Toriq mengatakan kepada polisi bahwa dia berencana melakukan misi bom bunuh diri pada hari Senin yang menargetkan polisi, kelompok elit anti-teroris Indonesia, atau umat Buddha sebagai cara untuk memprotes perlakuan terhadap minoritas Muslim Rohingya di Myanmar.
Dia menulis surat bunuh diri tetapi mengatakan kepada polisi bahwa dia memutuskan untuk membatalkan misi tersebut pada menit-menit terakhir setelah memikirkan rasa sakit yang akan ditimbulkan pada ibu, istri dan putranya, juru bicara kepolisian nasional Brigjen. Jenderal Boy Rafli Amar.
“Membunuh orang-orang kafir dan polisi setempat kini merupakan tindakan yang paling realistis bagi militan Islam karena lebih praktis dan murah,” kata Taufik Andri, seorang analis di Inscription Peace Foundation, yang didirikan pada tahun 2008 untuk membantu reformasi tahanan militan.
Dia mengatakan Amerika dan sekutunya tetap menjadi musuh, namun generasi muda militan saat ini setuju dengan para ulama yang mengalami sembelit bahwa pemerintahan sekuler tanpa hukum Syariah Islam adalah pemerintahan kafir. Para pemimpin dan penegak hukumnya adalah musuh sejati Islam.
Sejak Maret, polisi telah menangkap hampir dua lusin tersangka militan Islam dan membunuh tujuh orang dalam serangkaian penggerebekan. Semuanya merencanakan serangan dalam negeri terhadap warga Indonesia, bukan orang asing yang telah menjadi sasaran utama di sini di masa lalu, kata Ansyaad Mbai, kepala badan anti-teror negara tersebut.
Pada tahun 2002, militan Islam yang memiliki hubungan dengan al-Qaeda mengebom dua klub malam di pulau Bali, menewaskan 202 orang, sebagian besar adalah warga Barat. Kebanyakan serangan sejak saat itu lebih kecil dan terlokalisasi.

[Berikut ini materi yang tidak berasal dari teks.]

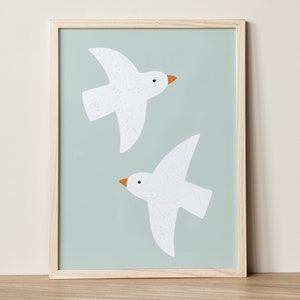 Lámina de pájaros. Ilustración de dos pájaros. Arte mural imprimible para niños. Póster para habitación infantil. Decoración de guardería. Descarga digital.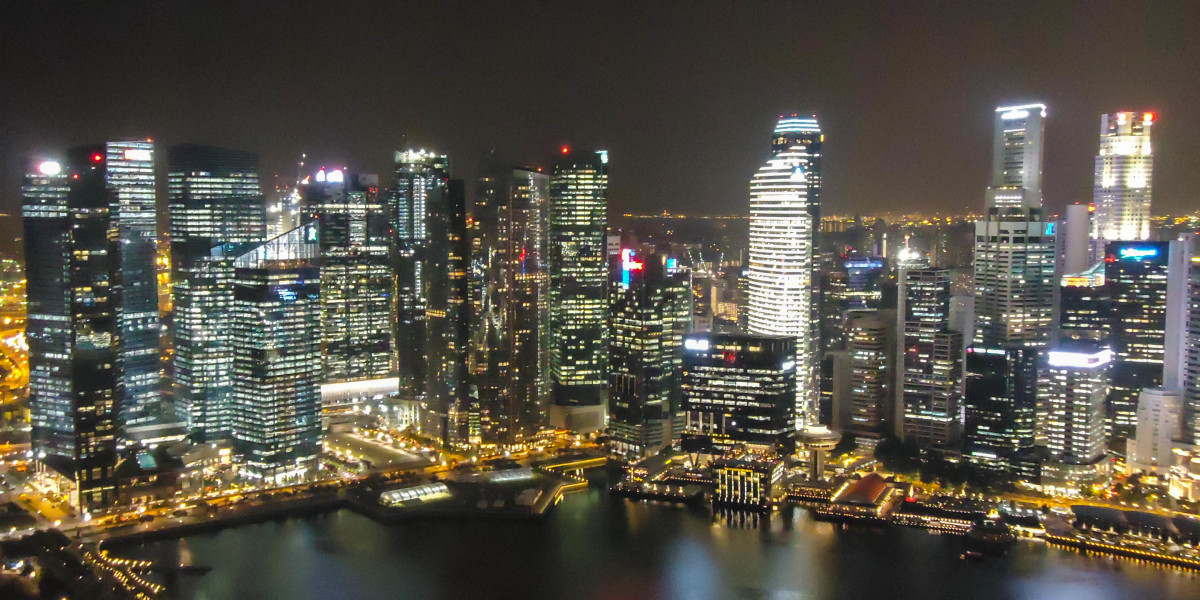 The Singapore skyline at night viewed from the Skypark at Marina Bay Sands Hotel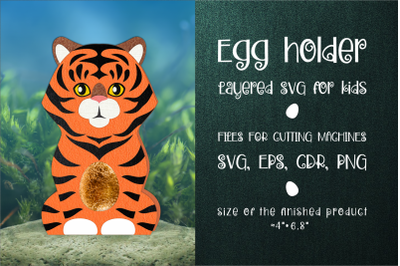 Tiger Chocolate Egg Holder Template SVG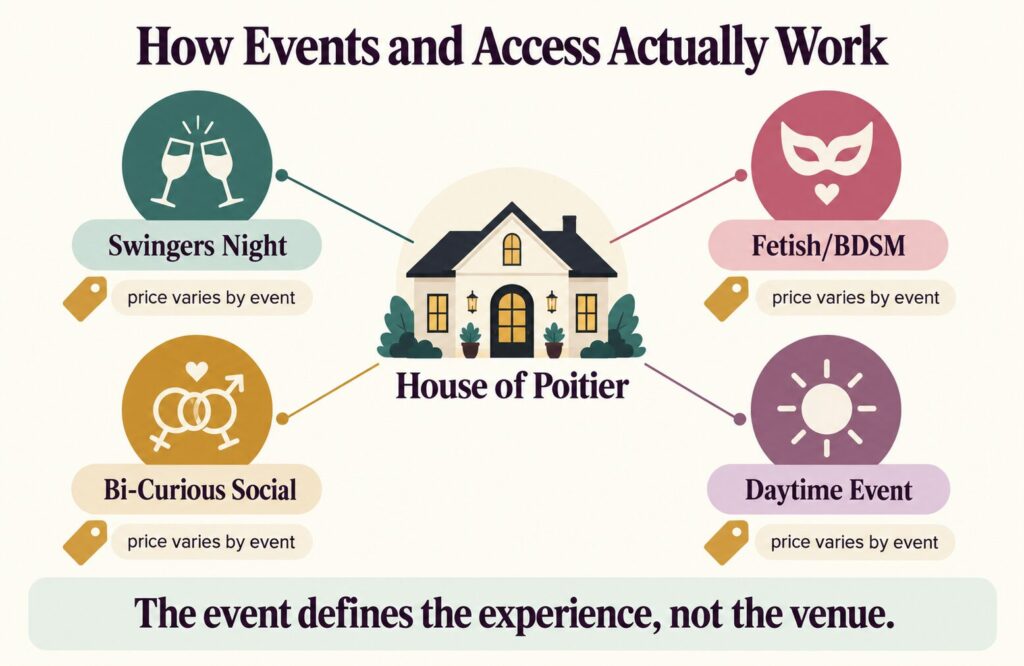 Infographic explaining how events and access work at House of Poitier: individual organisers, no membership card, and contribution-based pricing that varies by event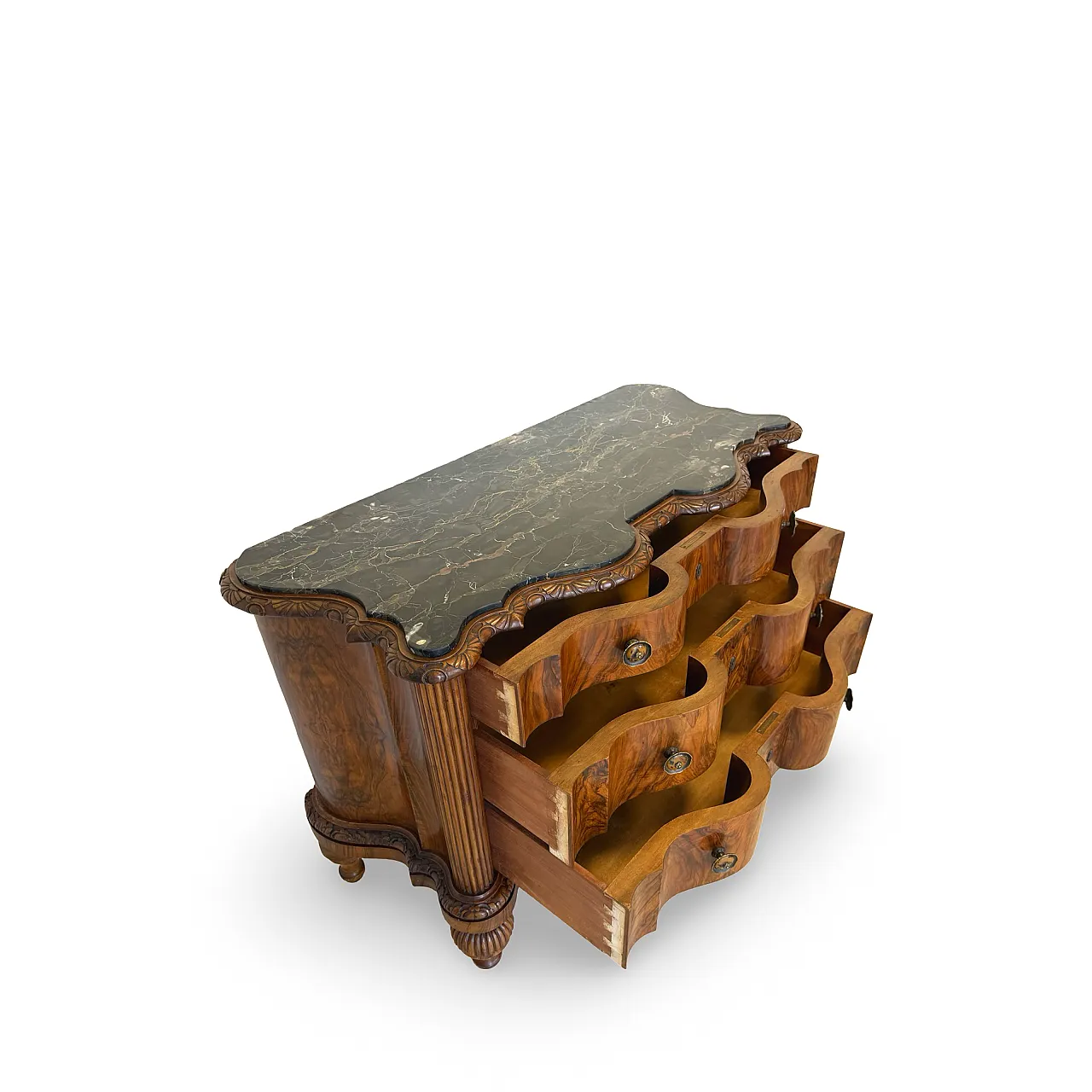 Walnut serpentine commode, 1930s 38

Perubahan ini menandakan keberhasilan Indonesia dalam memberantas jaringan teror utama di bawah tanah, namun juga menunjukkan bagaimana kelompok-kelompok radikal yang masih beroperasi secara terbuka masih menjadi sarang kuat di mana para pemuda yang marah bisa menjadi penyerang.
“Mereka adalah para pemuda militan yang bercita-cita mendirikan khilafah di Indonesia,” kata Mbai. “Mereka terinspirasi oleh buku-buku dan literatur jihad, serta khotbah dari ulama radikal Islam.”
Dua tersangka dan seorang anggota kelompok elit anti-teroris terbunuh pada tanggal 31 Agustus ketika polisi menggerebek sebuah kelompok militan di kota Solo, Jawa Tengah, yang merupakan kampung halaman terpidana ulama radikal Islam Abu Bakar Bashir. Dua pria ditangkap dalam kasus ini, dan dua tersangka lainnya masih buron.
Para pria tersebut – berusia antara 19 dan 30 tahun – dituduh membunuh seorang petugas polisi pekan lalu dan menyerang dua pos polisi pada pertengahan Agustus sebagai bagian dari rencana yang menargetkan pihak berwenang di Solo.
Dalam video interogasi polisi, tersangka Bayu Setiono, 22, menggambarkan kelompok mereka sebagai kelompok “bawah tanah” tanpa pemimpin yang berencana membunuh polisi dan menciptakan situasi seperti di Ambon dan Poso, demi menjaga hukum Syariat Islam dan mendirikan khilafah di Indonesia.
Ribuan orang tewas dalam konflik Muslim-Kristen di dua kota di Indonesia bagian timur tersebut pada tahun 1999 hingga tahun 2000an.